O tempo é curto. Pulando poças, vamos no caminho do capim. Não. Não há capim. Bem, vamos ter de pastar em outro lugar. Lá onde mora o pássaro que assobia. É um lugar simples e singelo, dizem. Bem te vi. Mas percebemos que tiraram os hífens do bem te vi. Tiraram também as grades do fogão. Tiraram o café. Há fome. Não há capim, nos mandaram para o nosso bem para o bem te vi que mal me viu. Quantas poças, quantas conversas, quantos cigarros.

'¿Por qué no te callas?'

Contente-se com esta bucha, já que não há esponja na pia para lavar os copos, os pires de sorvete. 'Que abacaxi!' Dos abacaxis, prefiro o do sorvete. Sorve, sorve, sorve. Tomou? Encheu o seu descanso de macarrão oriental. Viva as misturas! Todas as misturas de comidas improváveis que nos salvam dos perigos da fome, do mau humor. Salve os omeletes! Salve os macarrões improvisados! Salve os miojos com milho e atum. Salvem também os peixes contra a pesca predatória. E as tartarugas...

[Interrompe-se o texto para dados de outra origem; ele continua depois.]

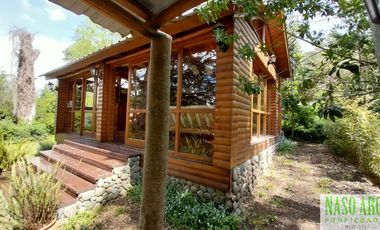 CABAÑA CON QUINCHO Y PISCINA EN VENTA EN SIERRA DE LOS PADRES. GAS NATURAL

Corta as unhas. Vista-se. Dispa-se. Vá lá para as águas. Vá lá. O que espera? Quer uma caminhada, te dou uma, te dou duas, te dou três até. 'Quer madrugar para o café? Só se for assim, seus preguiçosos. Aqui não tem boi, nem boiada. Só gente safada.'

'¿Por qué no te callas?'

Tome-lhe sol, tome-lhe cascatas de raios ultravioleta. Cuidado com os UVA e com os UVB. Toma um suco de uva, por que não? Toma outra coca com abelha, vai... Vai fazer bem, bem mal. Testou o humor, hidratou o corpo? A falta de capim não melou ontem nem hoje. Minha mente está tão bem. A sua também.

Vamos chegar em silêncio no bem te vi, não quero que nos vejam. Quantas conversas. Desnecessárias. Pra fazer política. Propaganda.

Como é bom ser leitão à pururuca, falta a maçã na boca. Besuntar-se de FPS 15 - cuidado com o comprimento de onda - temos apenas 150 minutos antes de começar a flambar. Boiei. Virei uma massa besuntada a boiar no mar.

Um beijo aos mosquitos das vermelhidões, sempre presentes. Nunca nos esquecem. Sempre lembram da gente. Das nossas pernas. Mas dessa vez foi que foi que nem foi tão forte. Vermelho pouco até. 'Que cenho, senhor!' O bem te vi nos acolhe mas é um pássaro estranho.

Precisamos pastar para as nossas bandas. Assobiar para o bem te vi. 'Dá tchau'. A gente nem percebeu que era o sete o que tinha a chave da bola oito. Vamos pastar pra lá. Não no capim daqui. Enchuvarou. Molhou. Ensolou. Secou. A gente viveu.

Outra demora, mas o tempo é curto. Um abraço aos peixes, às tartarugas, ao sorvete, e a toda a demora que foi o curto tempo do mundo que a gente conheceu. A gente viveu.

Um abraço aos peixes. E à Uba, das saudades.